Natalie Norris’s Dear Mini is described by publisher Fantagraphics as “a vivid depiction of adolescent agency in the face of sexual trauma” so this would be an appropriate moment to give a content warning for the discussion to come in this review. A multiple nominated book in the 2023 Broken Frontier Awards (winning in the category for Best Letterer which we will come to in due course) this instalment of Dear Mini is Book One of two, and marks Norris’s debut as graphic memoirist.
Written in the form of a letter to the titular Mini, Dear Mini Book One is Norris’s retrospective account of events that begin around the time of a summer visit to France in the artist’s sophomore year at high school. Here she meets Austrian student Mini and the two become firm friends. Nearly a year later Natalie goes to stay with Mini in Austria but their wayward camaraderie is about to veer off onto the darkest of paths, forever changing the two young women’s relationship.
We will need to await the second volume to fully ascertain whether there is any element of catharsis for Norris in bringing her story to the comics page. This first volume, though, follows her from uncontrolled youth to a retrospective point years later where she reflects on the time in her life recounted here, the trauma of the rape she experienced, and the reasons why she reacted to it as she did.
Norris uses a busy, often freeform, illustrative approach that encompasses both the ephemeral and the evocative nature of the way memory works. Pages often feel like they are going to burst out of their constraints, with Norris’s lettering playing a vital role in conveying the urgency of events. As a main narrative tool her cursive recollections capture the personal tone of this meditative missive to Mini but the reader needs also to look at the way individual words can be emphasised to give additional emotional weight to them; to make us stop, absorb and mark the importance of them as visual signifiers of characterisation.
When the key scene comes it is as harrowing for Norris’s impotence in the face of its impending inevitability as it is for its brutality. As an exploration of agency, trauma, vulnerability and identity Dear Mini centres the reader so firmly in Norris’s experiences for its eloquent command of the language of the form and Norris’s ability to see the fullest potential of the canvas of the comics page.
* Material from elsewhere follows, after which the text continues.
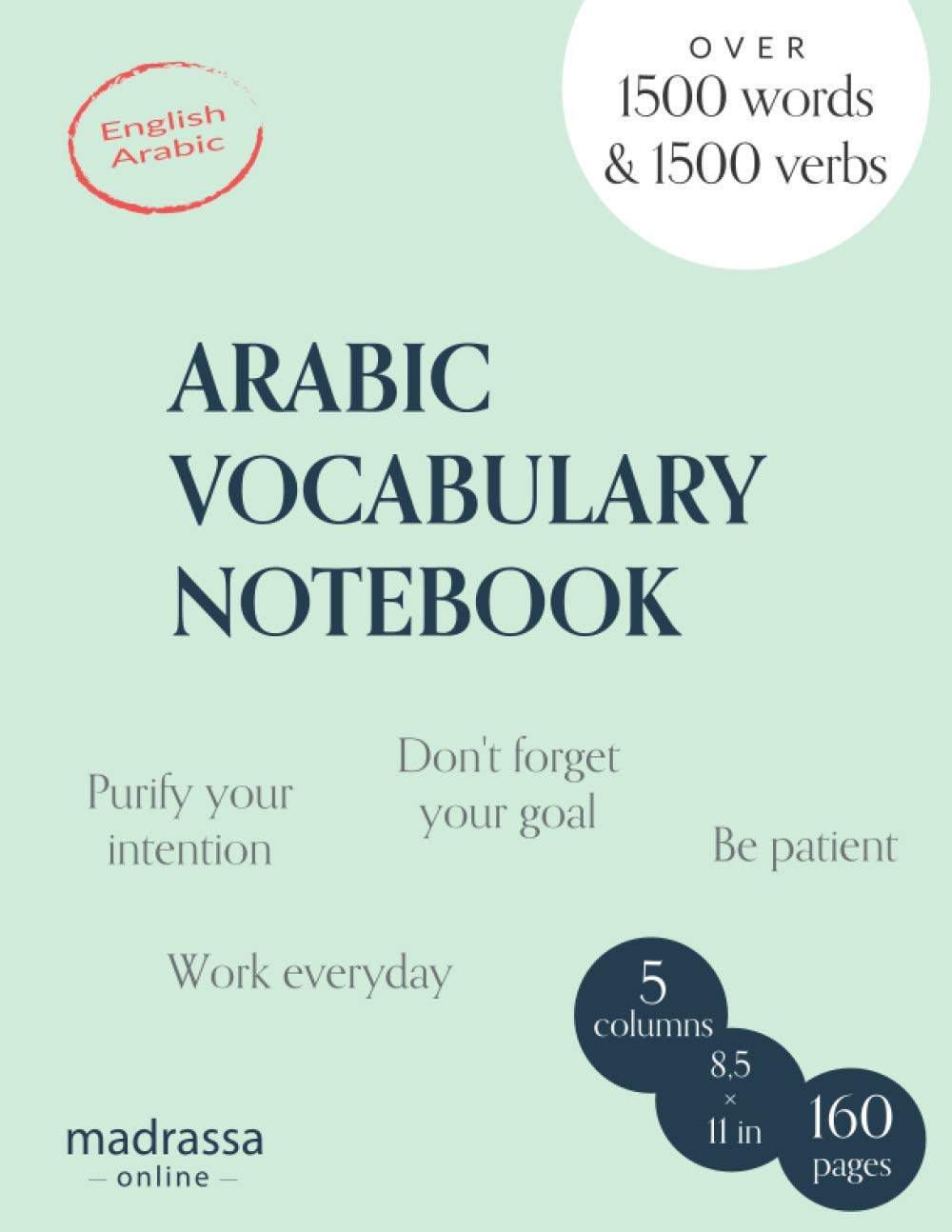 Arabic vocabulary notebook: 5 columns to memorize and revise over 3000 words and verbs, Learn Arabic language easier, Bilingual English/Arabic, Ruled book (Arabic Learning Books)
We talk a lot in reviewing terms about graphic memoir being a powerful communicative tool; of books staying with a reader long after we have put them down. Those kind of observations are no doubt genuine in the moment they are made but arguably they have also become overused as comics commentary fallback terms. In the case of Dear Mini, though, their application is entirely appropriate. This is autobio practice with a lasting impact on the reader. Remarkable testimony from a remarkable new voice in comics.